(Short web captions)
┄┄┄┄┄┄┄┄┄┄
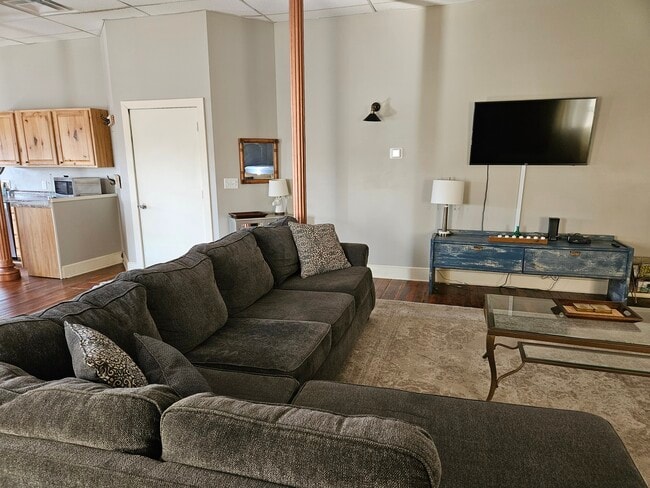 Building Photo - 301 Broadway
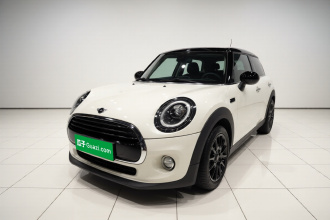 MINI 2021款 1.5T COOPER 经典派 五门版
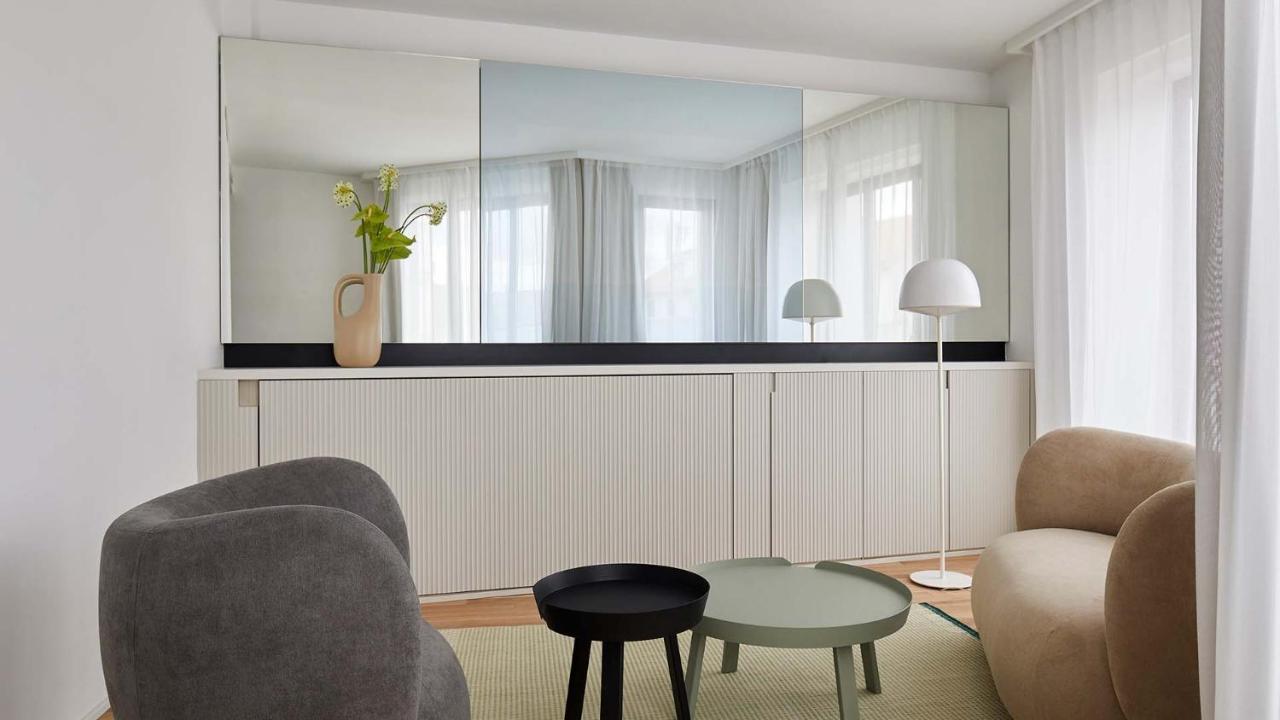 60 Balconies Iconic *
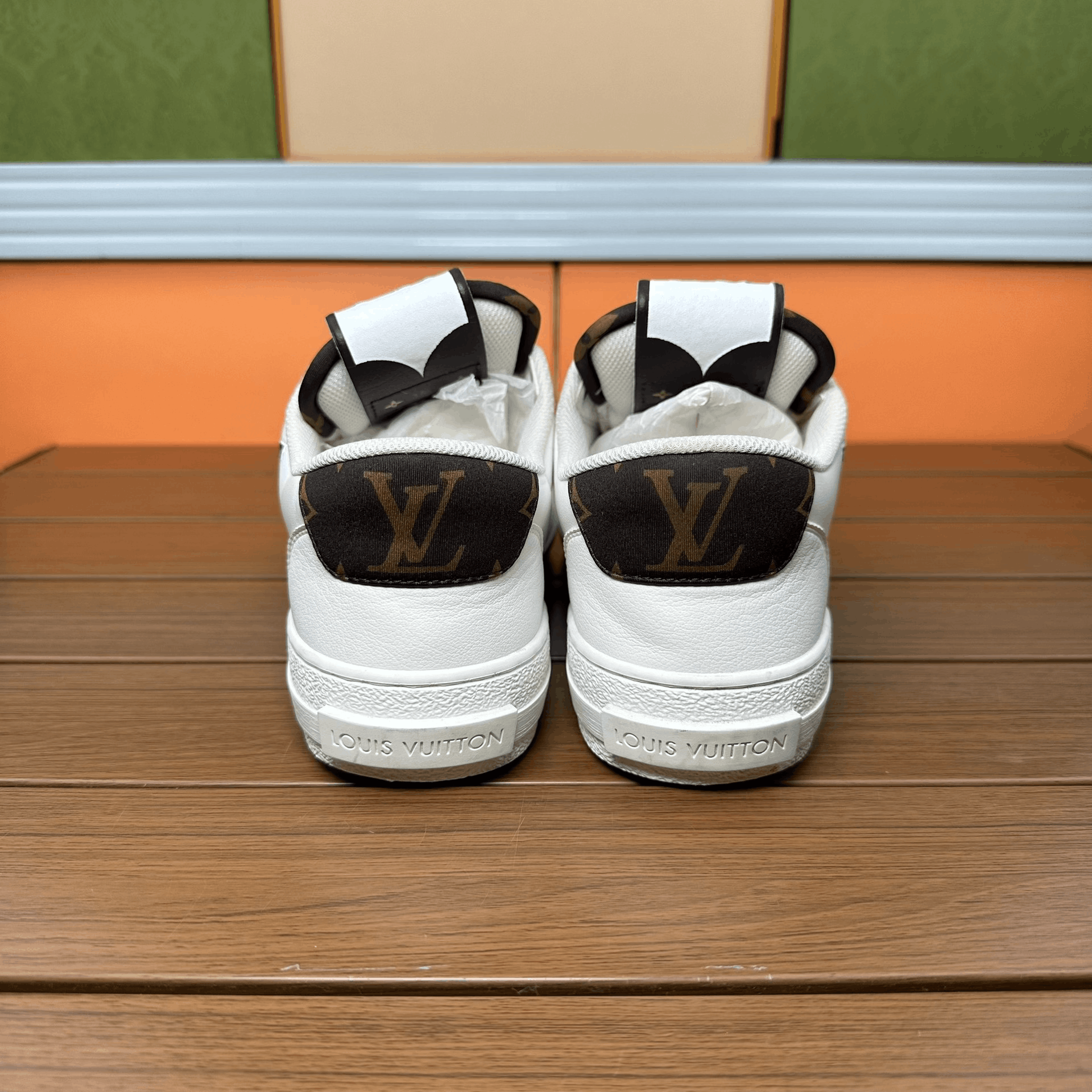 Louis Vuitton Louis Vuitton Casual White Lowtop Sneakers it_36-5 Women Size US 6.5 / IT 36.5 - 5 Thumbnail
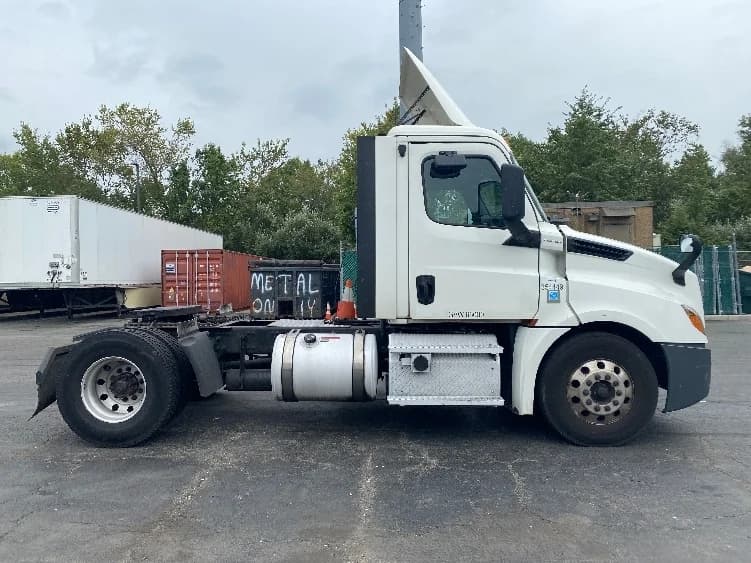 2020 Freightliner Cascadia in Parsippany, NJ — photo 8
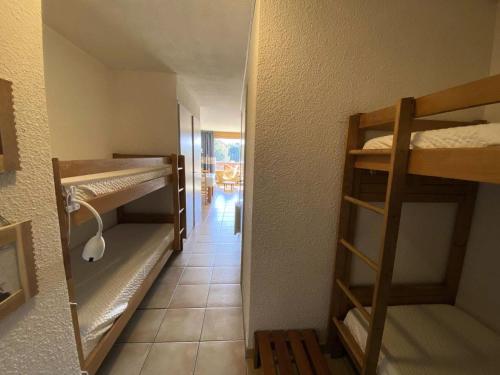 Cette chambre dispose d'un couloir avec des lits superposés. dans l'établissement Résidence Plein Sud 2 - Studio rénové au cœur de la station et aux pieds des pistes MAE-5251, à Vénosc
┄┄┄┄┄┄┄┄┄┄
▶ DIRECTIONS FOR THIS TASK
Reproduce only the lines running from the beginning of the entries above to the line holding "2020 Freightliner Cascadia", inclusive. Pictures stay out of the copy.

▶ RESPONSE
 Building Photo - 301 Broadway
 MINI 2021款 1.5T COOPER 经典派 五门版
 60 Balconies Iconic *
 Louis Vuitton Louis Vuitton Casual White Lowtop Sneakers it_36-5 Women Size US 6.5 / IT 36.5 - 5 Thumbnail
 2020 Freightliner Cascadia in Parsippany, NJ — photo 8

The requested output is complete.